It’s always good to know we’re not alone. No, we’re not crazy, others are doing the same thing, and we can give our kids something better than the failing education system. In their Education Nation series recently, NBC focused on the many aspects of education in America, including our own version of “roadschooling.” TODAY Show article, A Moveable Feast: For Some, the World Is the Classroom
For us as parent/teachers, it was terrific affirmation that others we’ve never met are having the same thoughts, taking the same steps, and following their instincts. Are we right? Who knows. But what we do know for sure is our kids are thriving, and that we’ve found a way to connect with them and with the world in a meaningful way.

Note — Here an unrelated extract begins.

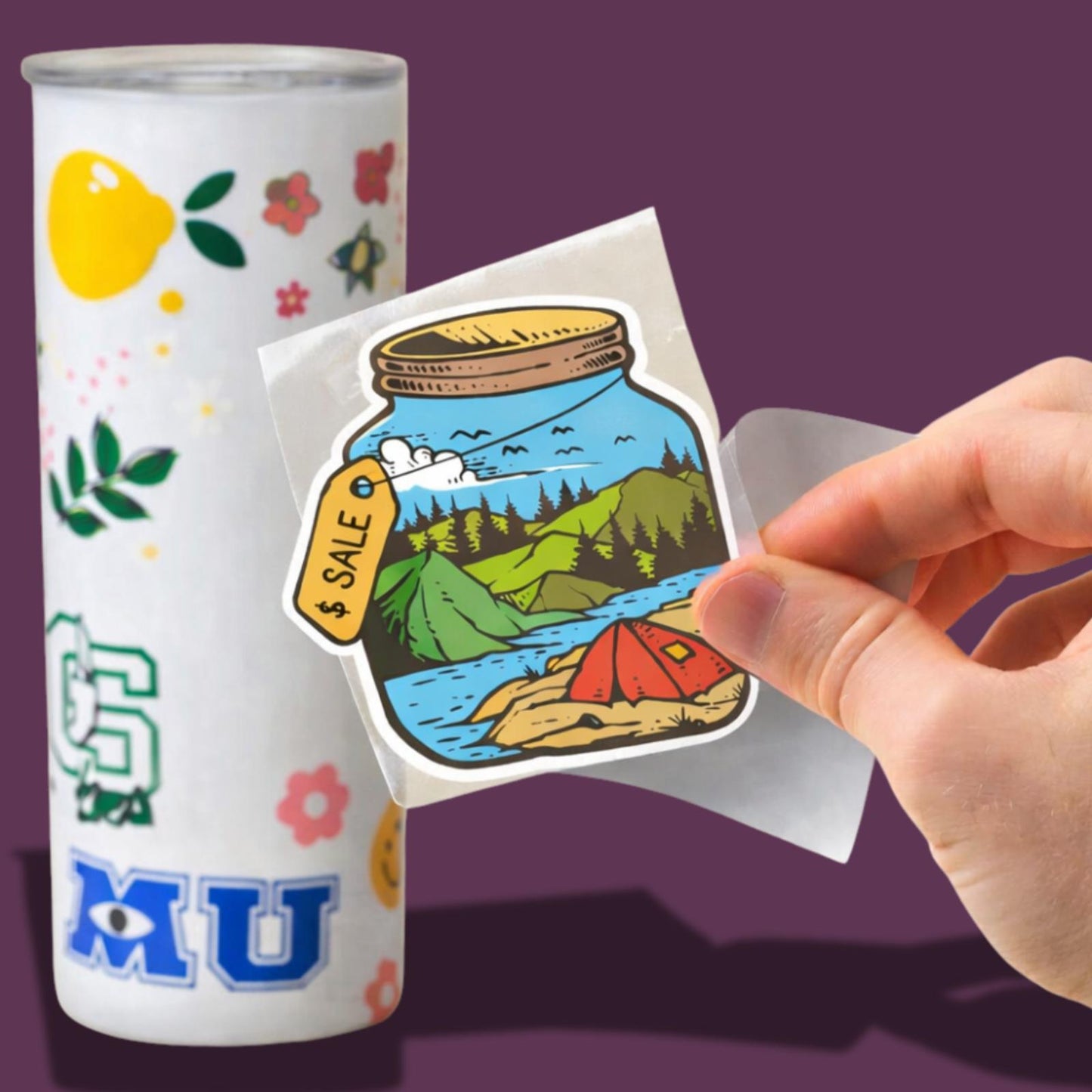 Solo UV Stickers by Size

The numbers tell the story. In 2003, 20% of home school families reported travel and “other” as their reason to step out of the traditional classroom. By 2007, the number had jumped to 32%. As the numbers grow, the stigma fades. Once thought to be the choice of whacked-out, butter-churning, religious fundamentalists, homeschooling has gone mainstream. More than 2 million children nationwide have opted out of the traditional classroom for “homeschool” type programs, and by all measures, their demographics and ideologies mirror mainstream society.
In our case, it was the blunt realization that outsourcing our kids’ education simply wasn’t working. We simply no longer bought the notion that children start formal education in kindergarten (or earlier), and with a bit of parent diligence to ensure homework was completed as assigned, educated, ready-for-the-world young adults would emerge at their high school graduation twelve years later. Out-sourced education, like out-sourced financial management, promised big but failed to deliver.
What’s next? Hard to know. What I do believe, however, is that it takes a village to raise these kids, and that our national education system needs major over-haul. As parents, we need to be part of that movement. And while we’re at it, seems to make sense to carve out a bit of time to see the world. We might just learn something from our neighbors.